Monitoring Recommendations
- Enable Kubernetes API server audit logging at the Metadata level or higher for the Airflow namespace.
- Forward Airflow webserver, API, and Task SDK logs to a centralized analytics platform for cross-source correlation.
- Track JWT issuance and reuse counts and alert when a single token is presented from multiple distinct source IPs.
How to Mitigate CVE-2026-27173
Immediate Actions Required
- Upgrade Apache Airflow to the patched release that incorporates the fix from Apache Airflow PR #60108.
- Audit and tighten Kubernetes RBAC so that only the Airflow scheduler and operators have read access to worker pod specifications in the executor namespace.
- Rotate any worker signing keys and invalidate outstanding JWTs after patching.
Patch Information
The Apache Airflow project addressed the issue upstream. Refer to the GitHub Pull Request for the code change and the Openwall OSS-Security Archive advisory for affected versions and remediation guidance.
Workarounds
- Restrict Kubernetes RBAC get, list, and watch verbs on pods and pods/log in the Airflow executor namespace to administrative service accounts only.
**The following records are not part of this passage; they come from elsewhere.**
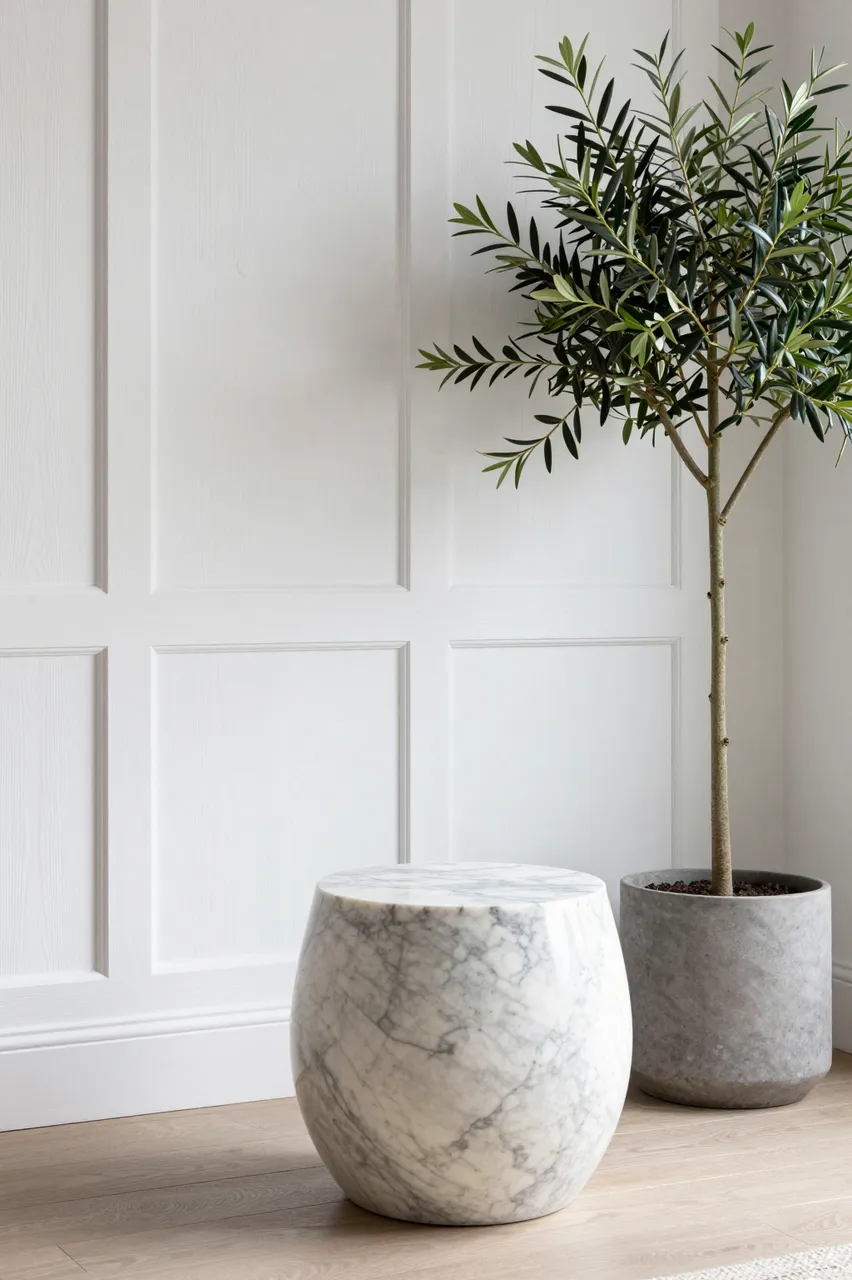 Marble drum side table and potted tall olive tree sit beside white paneled wall in a bright modern room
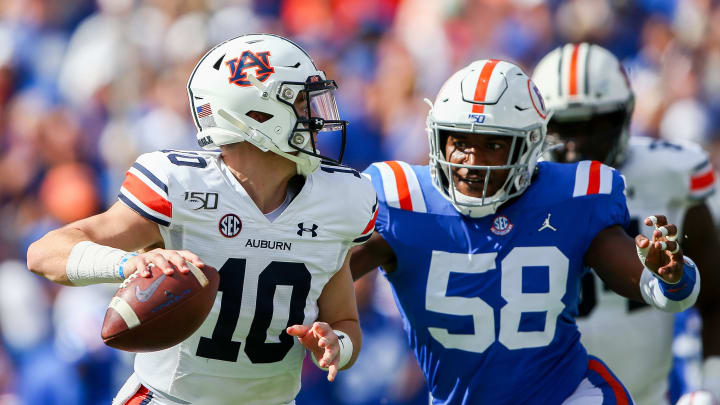 GAINESVILLE, FLORIDA – OCTOBER 05: Bo Nix #10 of the Auburn Tigers is pressured by Jonathan Greenard #58 of the Florida Gators during the first quarter of a game at Ben Hill Griffin Stadium on October 05, 2019 in Gainesville, Florida. (Photo by James Gilbert/Getty Images)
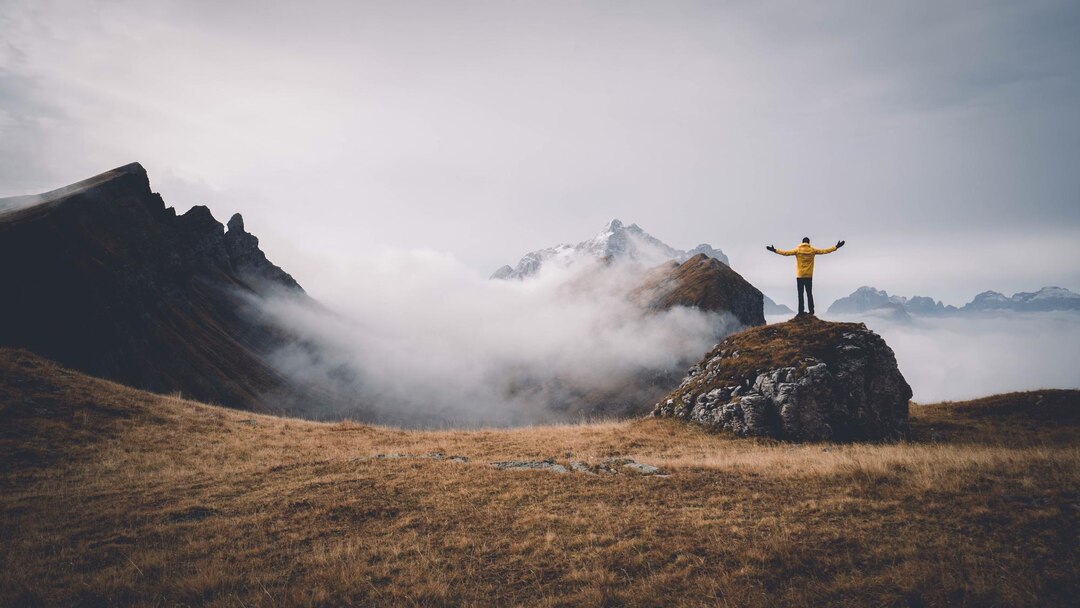 man-standing-rock-against-mountains-foggy-weather_1048944-13956285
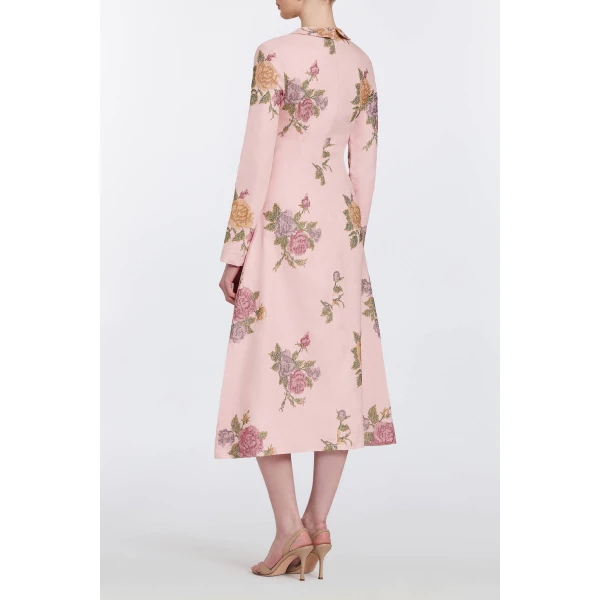 Markarian gowns with romantic neckline and structured silhouette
- Place the Airflow executor in a dedicated namespace isolated from general developer or read-only tenants.
- Shorten worker JWT lifetimes and bind tokens to the pod identity where supported to reduce the replay window.
# Configuration example: restrict pod read access in the Airflow executor namespace
kubectl create role airflow-pod-reader \
--verb=get,list,watch \
--resource=pods,pods/log \
--namespace=airflow
kubectl create rolebinding airflow-pod-reader-binding \
--role=airflow-pod-reader \
--serviceaccount=airflow:airflow-scheduler \
--namespace=airflow
Disclaimer: This content was generated using AI. While we strive for accuracy, please verify critical information with official sources.